Could you repeat the entries below exactly, but only from the line with "エコノミー フリーサイズ ピンク" through the line with "Remanufactured Water Pump", and without any picture?

Records for the task.
---

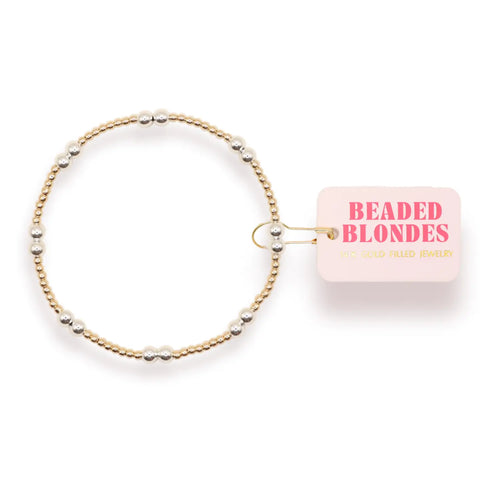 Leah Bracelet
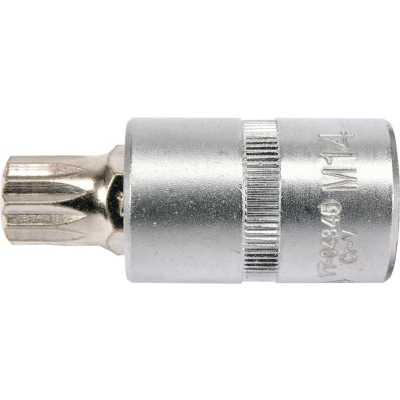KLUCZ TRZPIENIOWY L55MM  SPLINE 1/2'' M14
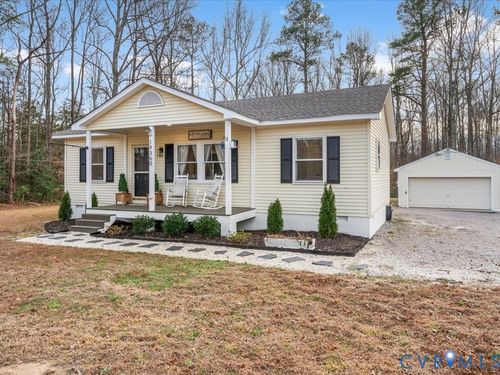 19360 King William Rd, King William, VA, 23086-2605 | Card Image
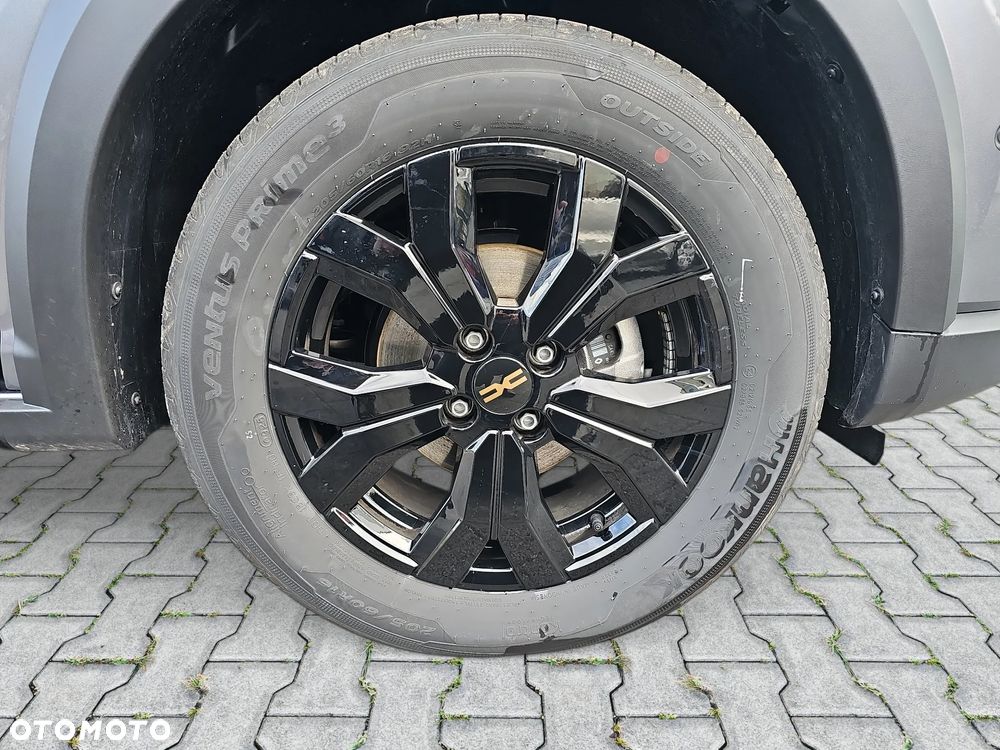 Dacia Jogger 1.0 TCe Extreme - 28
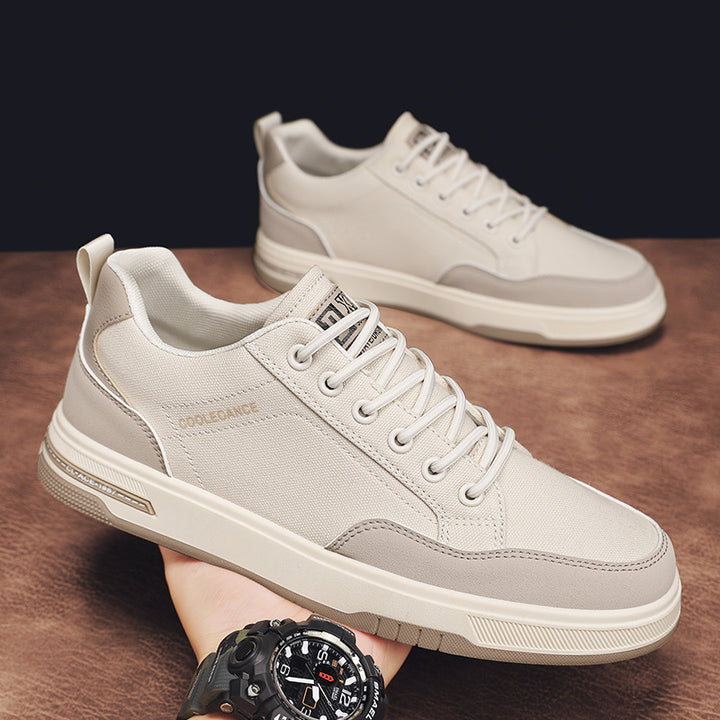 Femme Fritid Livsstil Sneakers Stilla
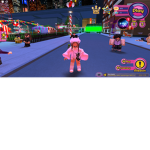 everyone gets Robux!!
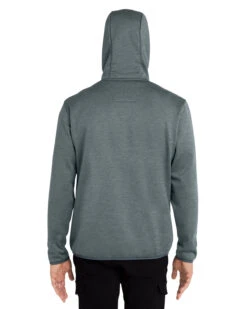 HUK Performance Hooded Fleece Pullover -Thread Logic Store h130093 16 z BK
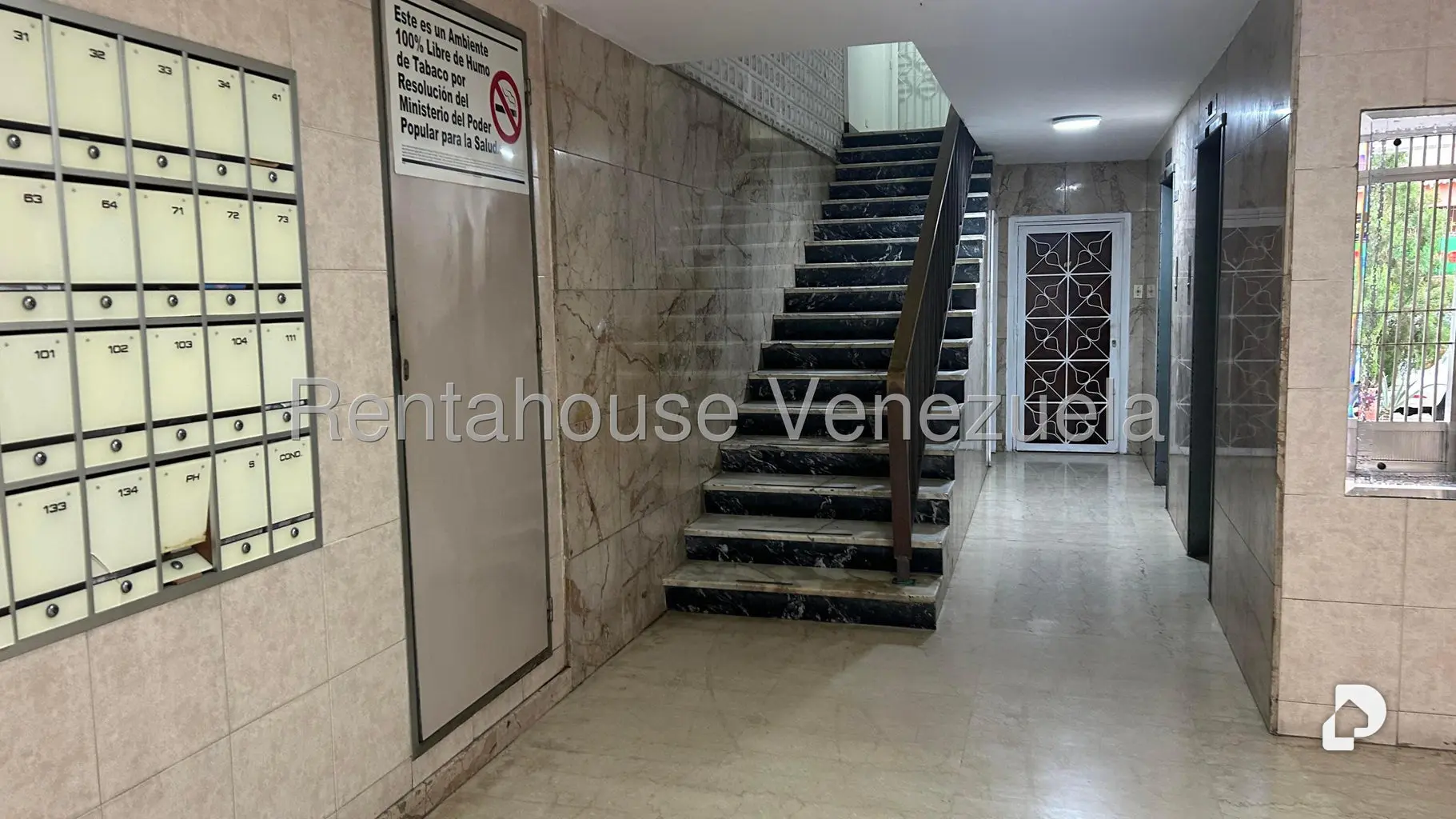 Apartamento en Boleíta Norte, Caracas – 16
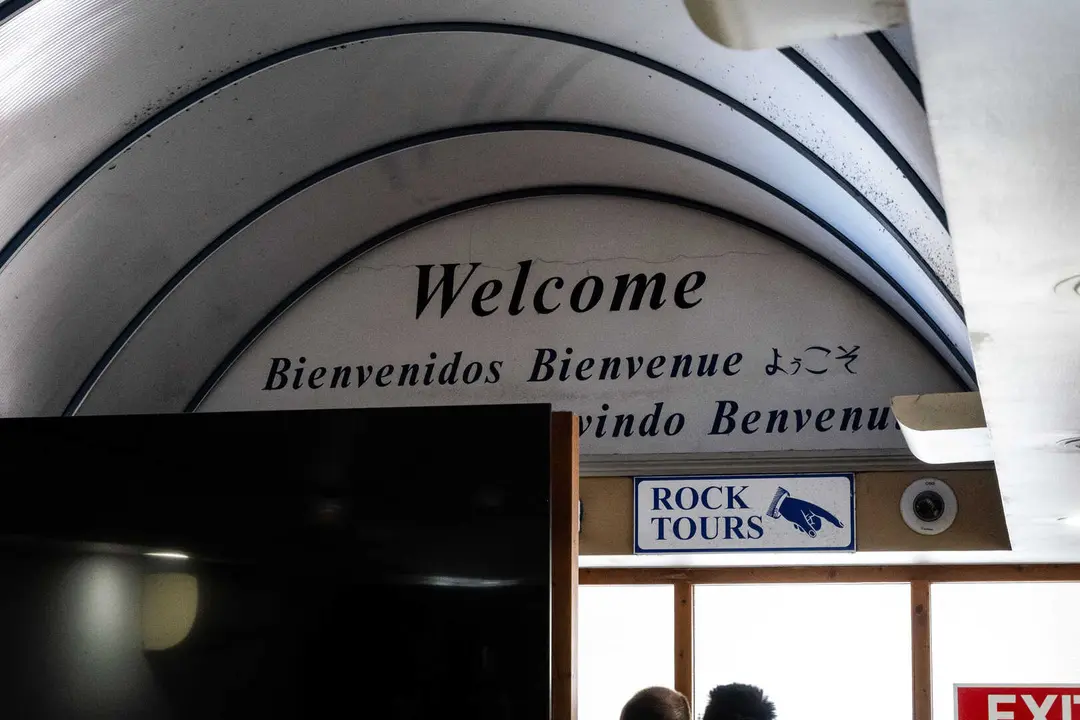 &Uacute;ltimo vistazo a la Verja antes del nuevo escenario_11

---

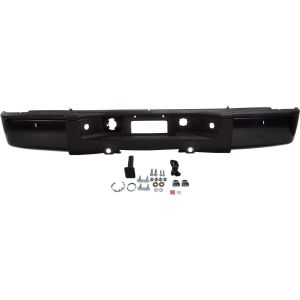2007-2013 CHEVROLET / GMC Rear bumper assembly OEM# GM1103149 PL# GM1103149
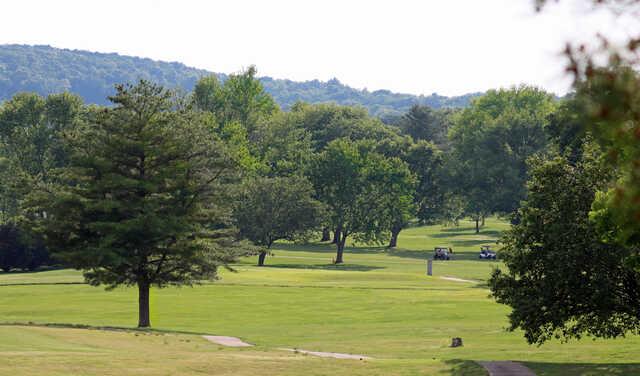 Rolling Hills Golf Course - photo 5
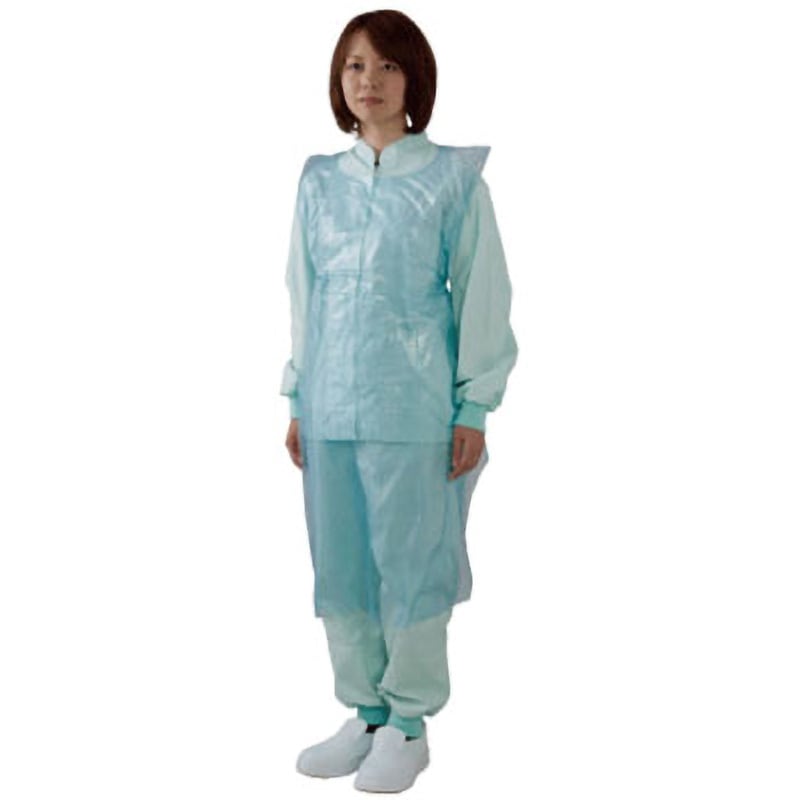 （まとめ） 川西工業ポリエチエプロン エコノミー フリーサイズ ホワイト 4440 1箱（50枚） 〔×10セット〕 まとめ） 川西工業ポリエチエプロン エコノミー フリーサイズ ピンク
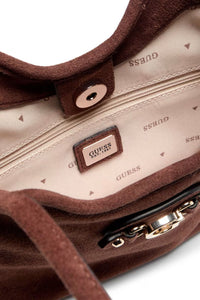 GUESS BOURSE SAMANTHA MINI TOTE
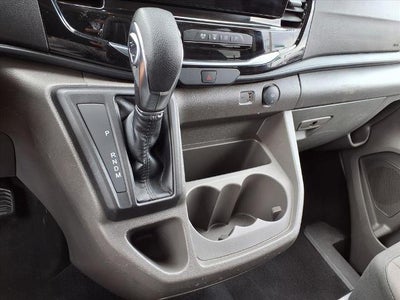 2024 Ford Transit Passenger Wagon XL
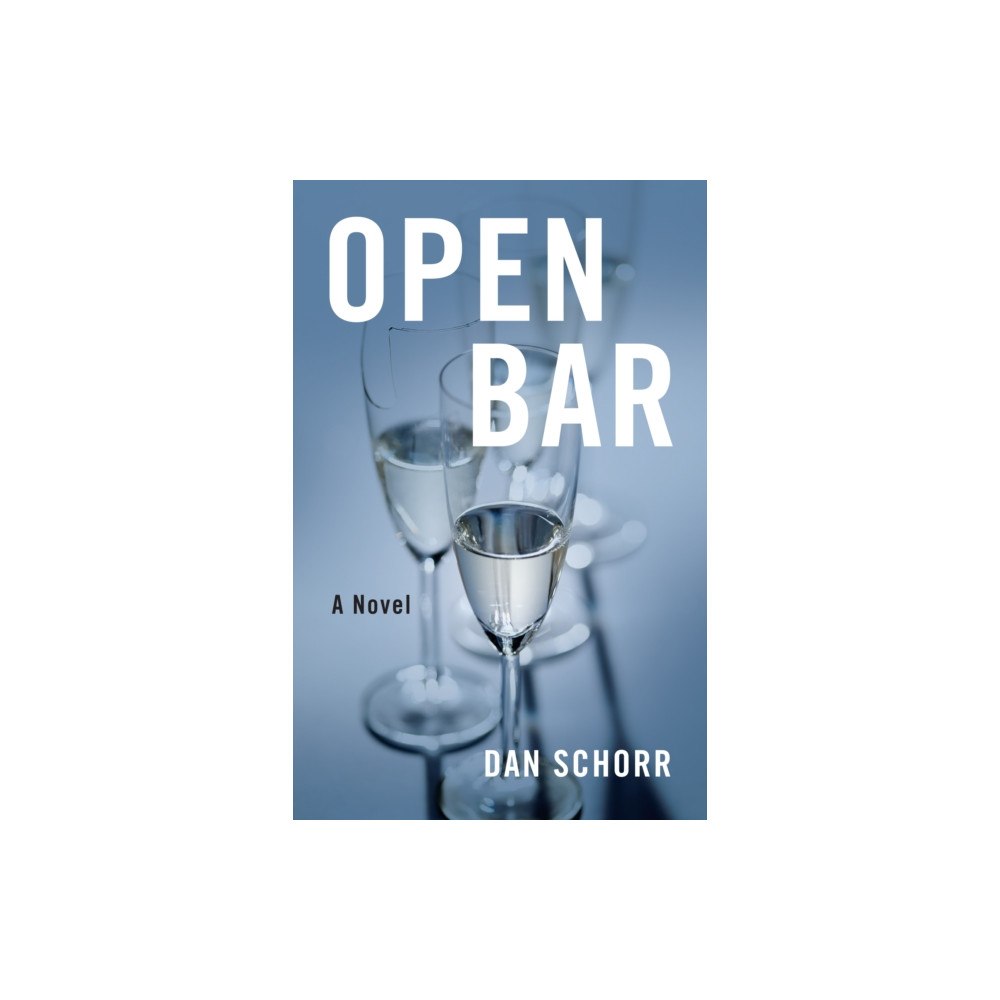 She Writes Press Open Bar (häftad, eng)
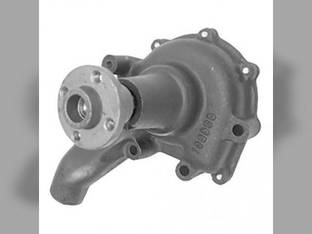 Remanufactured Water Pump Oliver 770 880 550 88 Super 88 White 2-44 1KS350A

---

Exercise answer.
 （まとめ） 川西工業ポリエチエプロン エコノミー フリーサイズ ホワイト 4440 1箱（50枚） 〔×10セット〕 まとめ） 川西工業ポリエチエプロン エコノミー フリーサイズ ピンク
 GUESS BOURSE SAMANTHA MINI TOTE
 2024 Ford Transit Passenger Wagon XL
 She Writes Press Open Bar (häftad, eng)
 Remanufactured Water Pump Oliver 770 880 550 88 Super 88 White 2-44 1KS350A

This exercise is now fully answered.